Required work
Your answer must be an exact copy of the entries below, with every picture removed.

Captioned web images
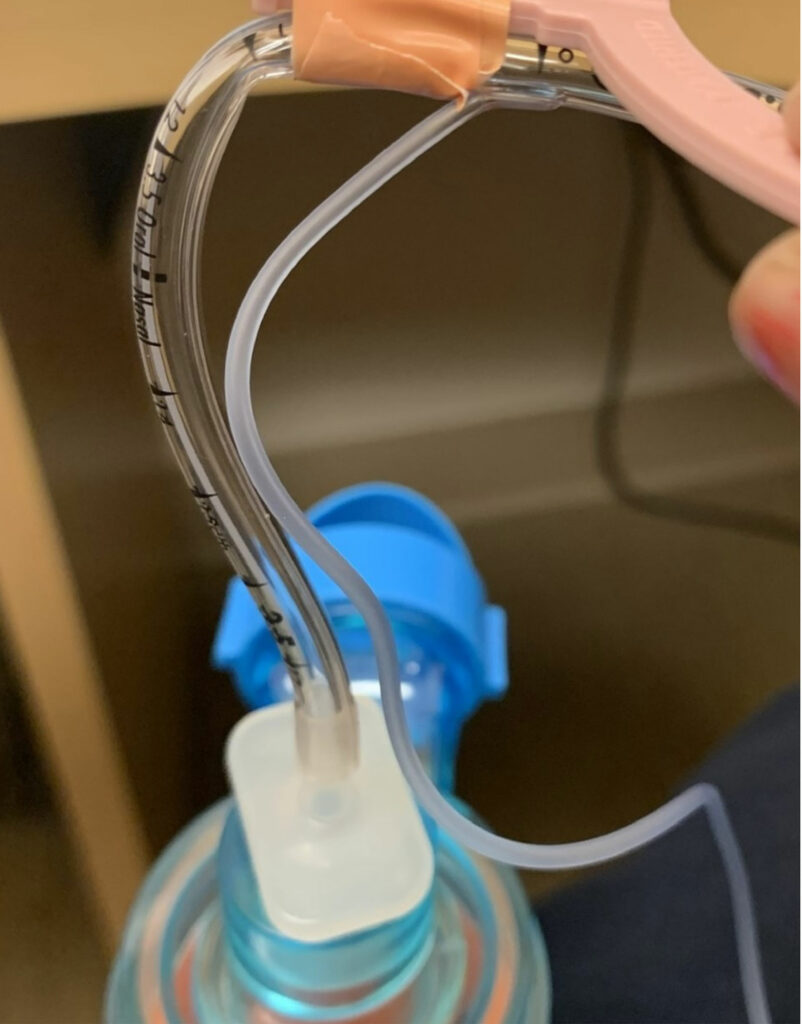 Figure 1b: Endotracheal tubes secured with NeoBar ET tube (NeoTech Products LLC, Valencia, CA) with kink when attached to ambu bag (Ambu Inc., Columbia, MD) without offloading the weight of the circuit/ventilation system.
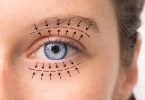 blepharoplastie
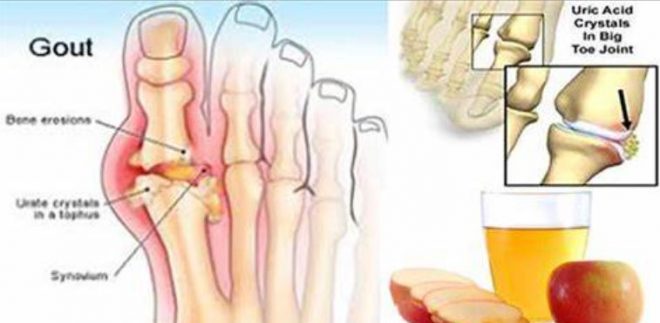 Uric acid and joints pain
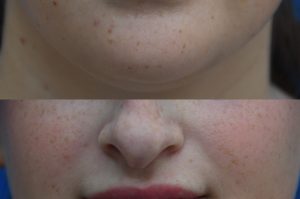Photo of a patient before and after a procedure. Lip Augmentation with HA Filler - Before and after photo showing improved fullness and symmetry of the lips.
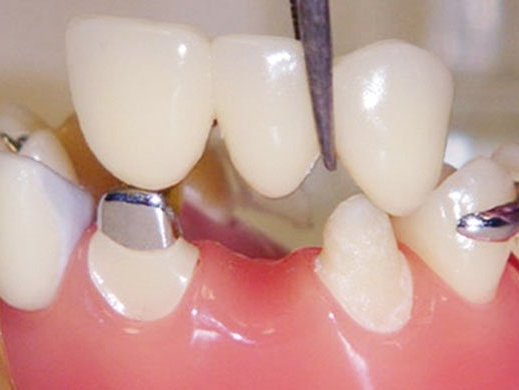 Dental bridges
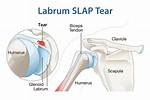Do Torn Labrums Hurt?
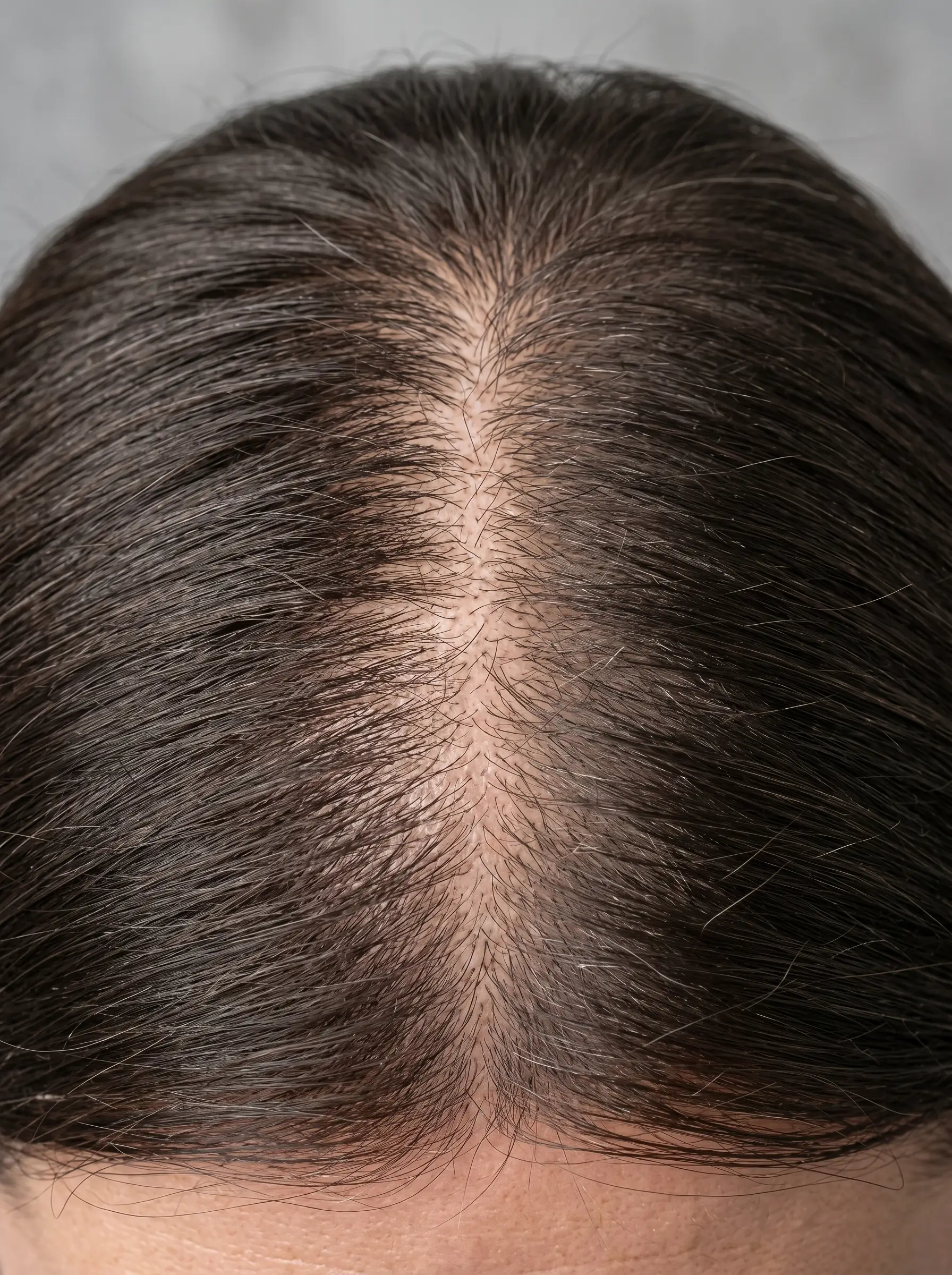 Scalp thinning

Answer to this problem
 Figure 1b: Endotracheal tubes secured with NeoBar ET tube (NeoTech Products LLC, Valencia, CA) with kink when attached to ambu bag (Ambu Inc., Columbia, MD) without offloading the weight of the circuit/ventilation system.
 blepharoplastie
 Uric acid and joints pain
Photo of a patient before and after a procedure. Lip Augmentation with HA Filler - Before and after photo showing improved fullness and symmetry of the lips.
 Dental bridges
Do Torn Labrums Hurt?
 Scalp thinning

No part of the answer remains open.